**WORK INSTRUCTION**
Every entry that follows must be written out exactly, apart from its pictures.

**GIVEN RECORDS**

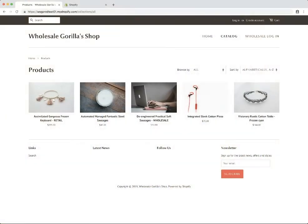In this video we're going to go over how to hide or exclude products from either retail or wholesale customers. Here is our product page for our shop — I added 'wholesale' to the title of this product and 'retail' to the title of this product just so we can see what's going on. The first thing we're going to do is hide our wholesale product from retail customers.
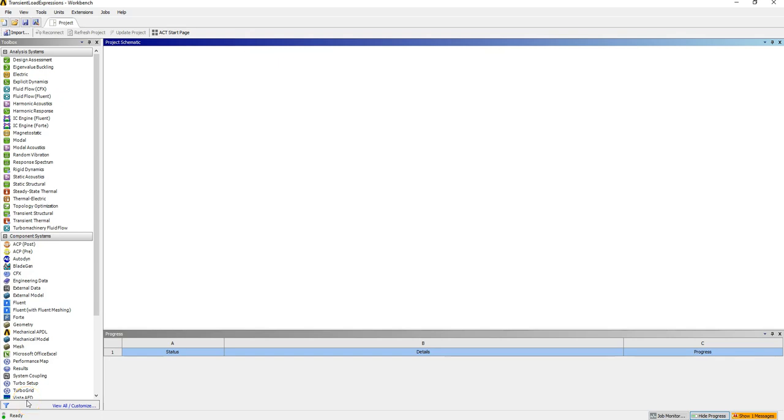Hello everyone and welcome. Today we're going to use expressions in ANSYS CFX to develop a transient inlet boundary condition. The case we're going to consider is a two-dimensional house subjected to transient wind at the inlet. We're going to monitor the forces on the building and then visualize at the end.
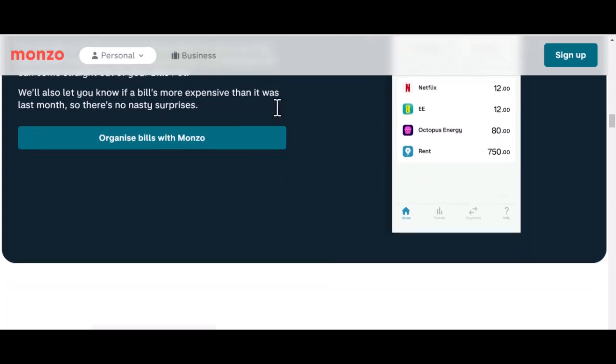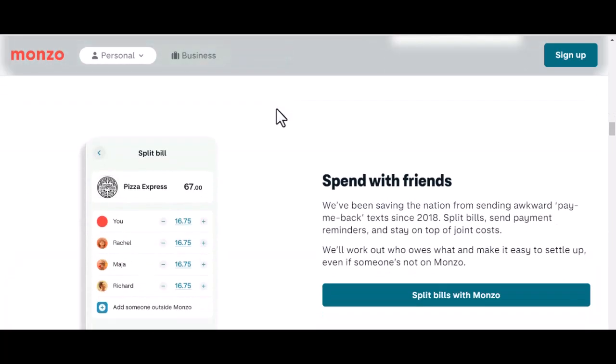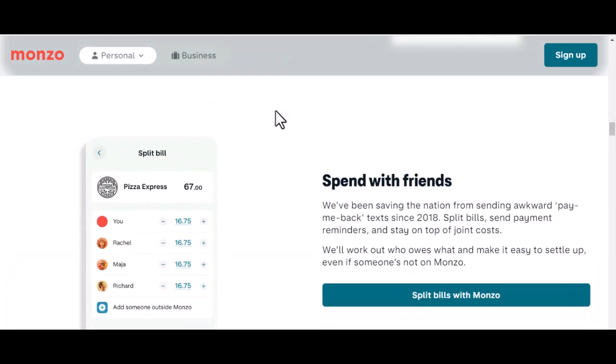Alternatives to Monzo: a brief comparison of Monzo to other digital banks or traditional banks in terms of maximum balance limits and other features.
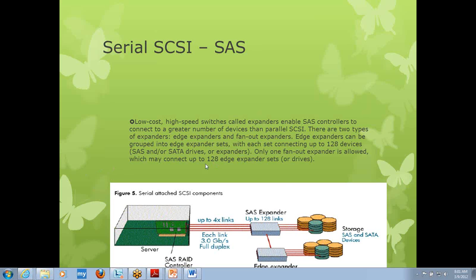You can connect 128 edge expanders to a fan out expander. You can compare this to a core-edge topology: the fan out expander is similar to the core switch, and the multiple edge expanders are similar to the edge switches.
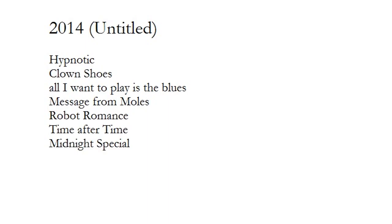All I ever heard at home, and all I want to play is the blues.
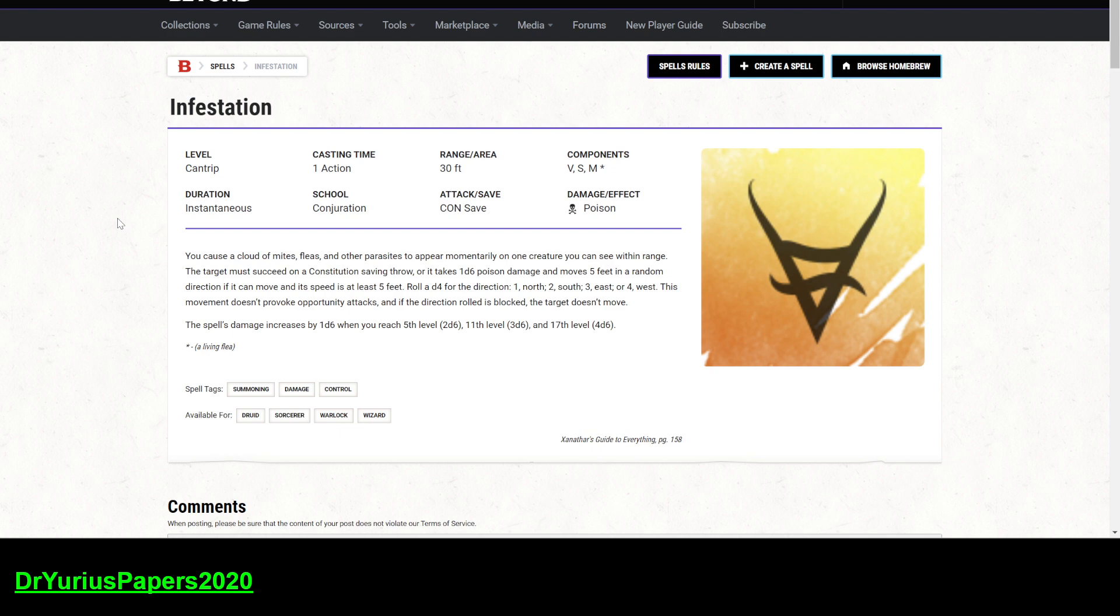So, we got a cantrip. It is usable by Druid, Sorcerers, Warlocks, and Wizards. So there's a wide range of classes that can use this. Takes one action, has a range of 30 feet, so not the greatest range. Not like a Firebolt or an Eldritch Blast, but it is 30 feet. It requires all three components, vocal, somatic, and material, and has a duration of instantaneous. It's conjuration material.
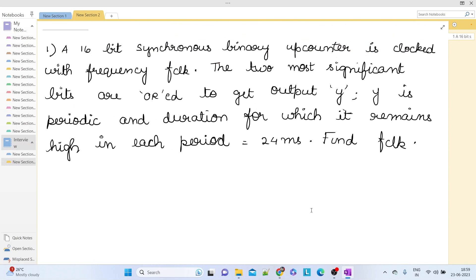Hi everyone. In this video we will look at an interview question that was asked in Texas Instruments. The question goes like this: there is a 16-bit synchronous binary up counter which is clocked with a frequency f_clock. The two most significant bits are ORed together to get an output Y, and the waveform of Y is periodic. The duration for which Y remains high in each period is 24 milliseconds, and we want to find f_clock.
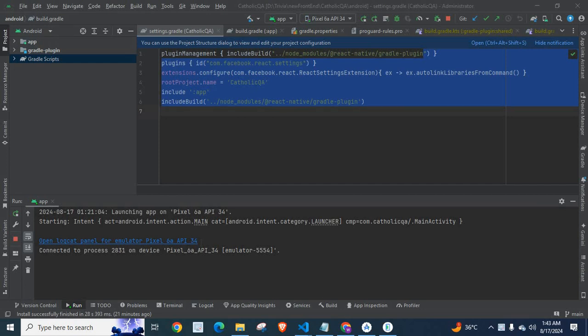Dear friends, welcome to Technisery. In this video, I am going to explain an error which I got when I was working with a React Native project.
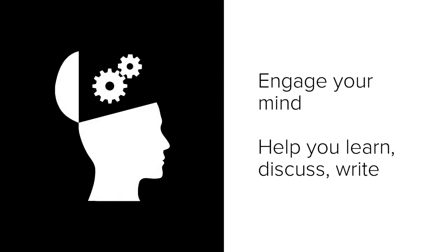And what are active reading strategies? Well, they're tools to help you keep your mind engaged while you read so that you're better prepared to discuss what you've read and write about it in class.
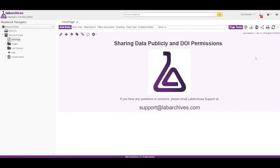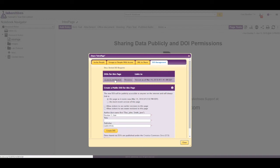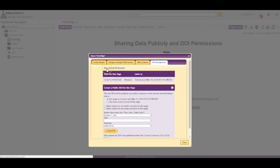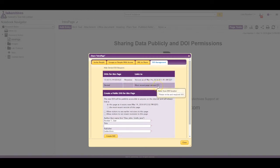If your DOI is approved, you will see it listed on the DOI Management tab of the Share dialogue. To view a denied DOI, click Show Denied DOI Requests. To view any notes made by the grantor, hover your mouse over the Comments icon.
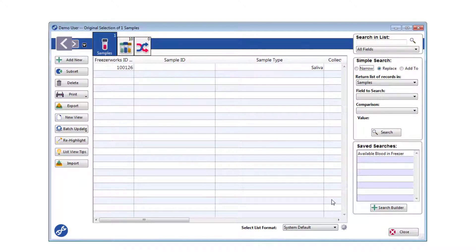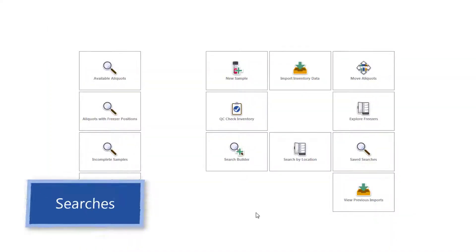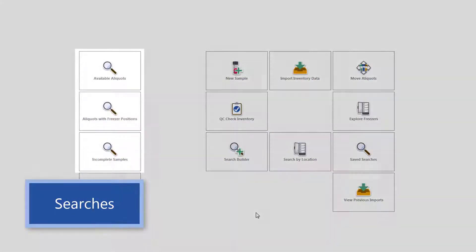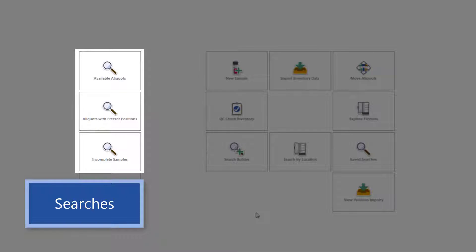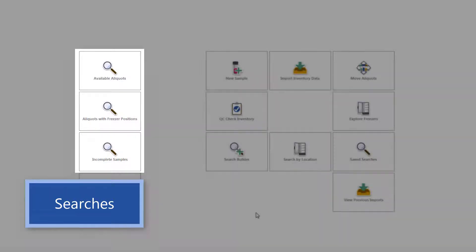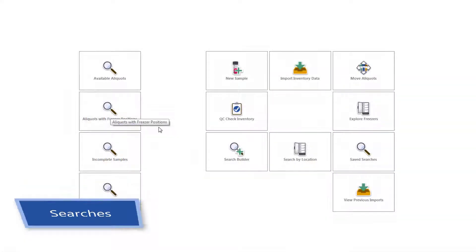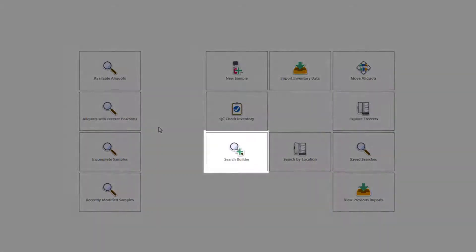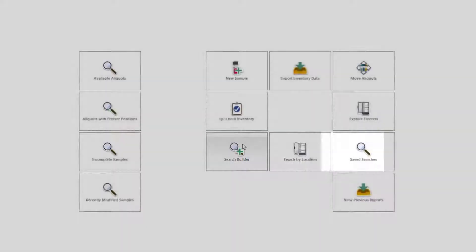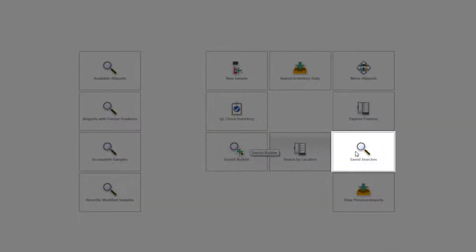Return to the homepage now, and let's talk about searching. On the homepage, we've provided saved searches, as I said before. You can start with one of these, or create one of your own, by clicking the Search Builder or Save Searches tile.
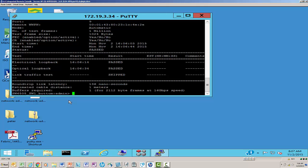We can see that the electrical loopback test passed. The optical loopback test passed. We had a latency of 136 nanoseconds, and our cable is estimated to be about one meter in length.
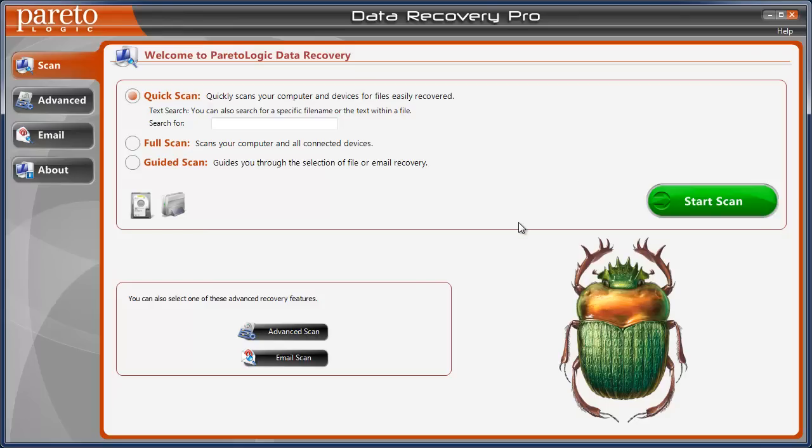Now you can download a free trial of this which will scan for lost files, but if you do want to recover the files, you do have to buy the software.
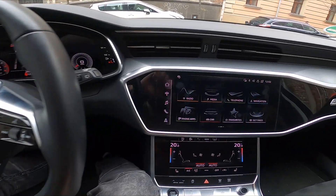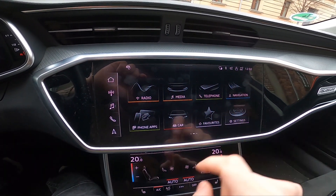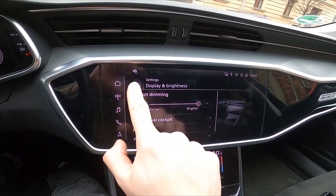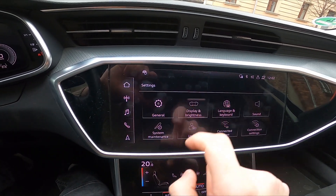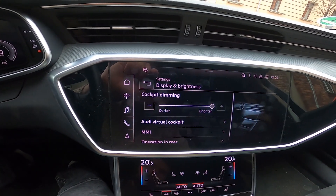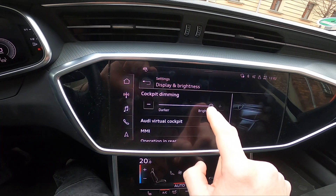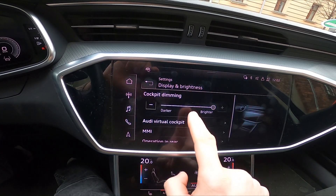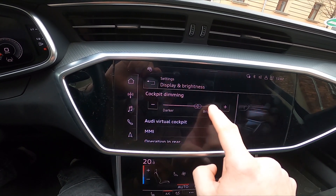In the beginning let's take a look at the screen display and go to settings. Now enter display and brightness and now you can adjust brightness level of the display on the cockpit dimming slider.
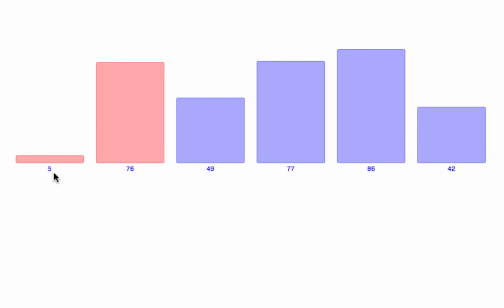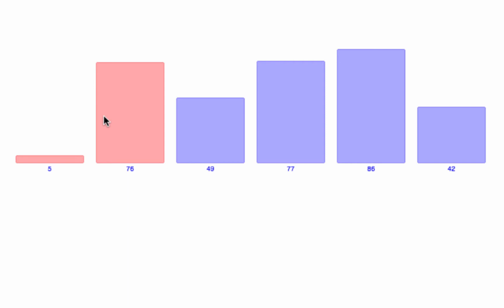So 5 and 76 are sorted. We find the right place for 49. 49 is compared with 76 — 49 is smaller than 76 so it's swapped — then 49 is compared with 5 and 49 is greater than 5, so that's the right position for 49. Then 77 would be fit into the right position, then 86, then 42 would be fitted into the right position in the array.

**RESPONSE**
In this video we're going to go over how to hide or exclude products from either retail or wholesale customers. Here is our product page for our shop — I added 'wholesale' to the title of this product and 'retail' to the title of this product just so we can see what's going on. The first thing we're going to do is hide our wholesale product from retail customers.
Hello everyone and welcome. Today we're going to use expressions in ANSYS CFX to develop a transient inlet boundary condition. The case we're going to consider is a two-dimensional house subjected to transient wind at the inlet. We're going to monitor the forces on the building and then visualize at the end.
Alternatives to Monzo: a brief comparison of Monzo to other digital banks or traditional banks in terms of maximum balance limits and other features.
You can connect 128 edge expanders to a fan out expander. You can compare this to a core-edge topology: the fan out expander is similar to the core switch, and the multiple edge expanders are similar to the edge switches.
All I ever heard at home, and all I want to play is the blues.
So, we got a cantrip. It is usable by Druid, Sorcerers, Warlocks, and Wizards. So there's a wide range of classes that can use this. Takes one action, has a range of 30 feet, so not the greatest range. Not like a Firebolt or an Eldritch Blast, but it is 30 feet. It requires all three components, vocal, somatic, and material, and has a duration of instantaneous. It's conjuration material.
Hi everyone. In this video we will look at an interview question that was asked in Texas Instruments. The question goes like this: there is a 16-bit synchronous binary up counter which is clocked with a frequency f_clock. The two most significant bits are ORed together to get an output Y, and the waveform of Y is periodic. The duration for which Y remains high in each period is 24 milliseconds, and we want to find f_clock.
Dear friends, welcome to Technisery. In this video, I am going to explain an error which I got when I was working with a React Native project.
And what are active reading strategies? Well, they're tools to help you keep your mind engaged while you read so that you're better prepared to discuss what you've read and write about it in class.
If your DOI is approved, you will see it listed on the DOI Management tab of the Share dialogue. To view a denied DOI, click Show Denied DOI Requests. To view any notes made by the grantor, hover your mouse over the Comments icon.
Return to the homepage now, and let's talk about searching. On the homepage, we've provided saved searches, as I said before. You can start with one of these, or create one of your own, by clicking the Search Builder or Save Searches tile.
We can see that the electrical loopback test passed. The optical loopback test passed. We had a latency of 136 nanoseconds, and our cable is estimated to be about one meter in length.
Now you can download a free trial of this which will scan for lost files, but if you do want to recover the files, you do have to buy the software.
In the beginning let's take a look at the screen display and go to settings. Now enter display and brightness and now you can adjust brightness level of the display on the cockpit dimming slider.
So 5 and 76 are sorted. We find the right place for 49. 49 is compared with 76 — 49 is smaller than 76 so it's swapped — then 49 is compared with 5 and 49 is greater than 5, so that's the right position for 49. Then 77 would be fit into the right position, then 86, then 42 would be fitted into the right position in the array.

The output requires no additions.